A thin line 404 of the order is formed.

At the center of the thin line, 404a, 404b,
At three places indicated by reference numeral 404c, narrow areas of about several to several hundreds of squares are provided, and two areas sandwiched between these three areas are islands 409. A gate 402 is formed over the island 409 with an insulating film 408 therebetween.

Next, the operation of this embodiment will be described. Since the impurity is introduced into the semiconductor layer 407 at about 10 ¹⁹ cm ^{−3, the} semiconductor layer 407 is electrically degenerated and shows metallic conduction even at a low temperature. However, when a voltage is applied to the gate 402, the surface of the thin wire 404 can be depleted by about several nm. For this reason, when a voltage of a certain value or more is applied to the gate 402, only the regions 404a, 404b, and 404c having a small thin line width are completely depleted, and a potential barrier is formed in these regions.

When the voltage applied to the gate 402 is further increased, the above-mentioned potential barrier height is increased. However, since the impurity concentration in the thin wire 404 is high, the height of the thin wire 404 in the longitudinal direction (longitudinal direction) is increased. The increase in barrier width is small.

As described above, in the fourth embodiment, by applying a voltage to the gate 402, two islands 409 sandwiched between narrow potential barriers can be formed, and the islands 409 are connected in series. A single electronic device structure can be realized. In this embodiment, since two islands 409 are connected in series, co-tunneling hardly occurs and clear Coulomb blockade oscillation can be observed.

[0036]

Next, examples of the above embodiments will be described.

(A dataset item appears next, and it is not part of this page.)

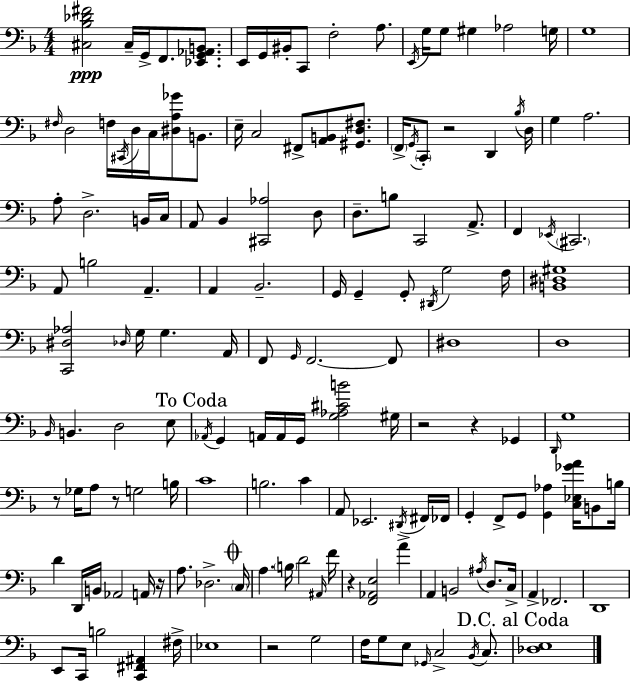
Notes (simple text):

[C#3,Bb3,Db4,F#4]/h C#3/s G2/s F2/e. [Eb2,G2,Ab2,B2]/e. E2/s G2/s BIS2/s C2/e F3/h A3/e. E2/s G3/s G3/e G#3/q Ab3/h G3/s G3/w F#3/s D3/h F3/s C#2/s D3/s C3/s [D#3,A3,Gb4]/e B2/e. E3/s C3/h F#2/e [A2,B2]/e [G#2,D3,F#3]/e. F2/s G2/s C2/e R/h D2/q Bb3/s D3/s G3/q A3/h. A3/e D3/h. B2/s C3/s A2/e Bb2/q [C#2,Ab3]/h D3/e D3/e. B3/e C2/h A2/e. F2/q Eb2/s C#2/h. A2/e B3/h A2/q. A2/q Bb2/h. G2/s G2/q G2/e D#2/s G3/h F3/s [B2,D#3,G#3]/w [C2,D#3,Ab3]/h Db3/s G3/s G3/q. A2/s F2/e G2/s F2/h. F2/e D#3/w D3/w Bb2/s B2/q. D3/h E3/e Ab2/s G2/q A2/s A2/s G2/s [G3,Ab3,C#4,B4]/h G#3/s R/h R/q Gb2/q D2/s G3/w R/e Gb3/s A3/e R/e G3/h B3/s C4/w B3/h. C4/q A2/e Eb2/h. D#2/s F#2/s FES2/s G2/q F2/e G2/e [G2,Ab3]/q [C3,Eb3,Gb4,A4]/s B2/e B3/s D4/q D2/s B2/s Ab2/h A2/s R/s A3/e. Db3/h. C3/s A3/q. B3/s D4/h A#2/s F4/s R/q [F2,Ab2,E3]/h A4/q A2/q B2/h A#3/s D3/e. C3/s A2/q FES2/h. D2/w E2/e C2/s B3/h [C2,F#2,A#2]/q F#3/s Eb3/w R/h G3/h F3/s G3/e E3/e Gb2/s C3/h Bb2/s C3/e. [Db3,E3]/w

An example of the embodiment of FIG. 1 will be described. As a method for producing a single electronic device of the structure of FIG. 1, first, a silicon substrate containing about 5 × 10 ¹⁹ cm ^-3 phosphorus, oxygen is implanted high concentration ions to the silicon substrate, a silicon substrate SIMOX forming oxide film inside
(Separation by Implanted Oxygen) method to form an SOI substrate. The thickness of the buried insulating film 106 is 300 n
m, the thickness of the semiconductor layer 107 is about 50 nm. Further, by performing thermal oxidation, the thickness of the semiconductor layer 107 is reduced, and finally a film thickness of about 10 nm can be realized.

Subsequently, after removing the silicon oxide film on the surface with HF, electron beam exposure and reactive ion etching (RI
E) The semiconductor layer 107 is processed by the technique to
1 and the drain 403 are formed, and a space between them is processed into a thin line having a width of 10 nm and a length of 100 nm. Narrow areas are provided at two places 104a and 104b adjacent to the center of the thin line, and the area sandwiched between these areas is referred to as an island 10.
9 is assumed. The narrow region of the fine line width can be formed by providing a narrow region in the fine line 104 at the time of electron beam exposure. A narrow region having a width of about 5 nm and a length of about 10 nm can be realized. The length of the island 109 is about 10 nm.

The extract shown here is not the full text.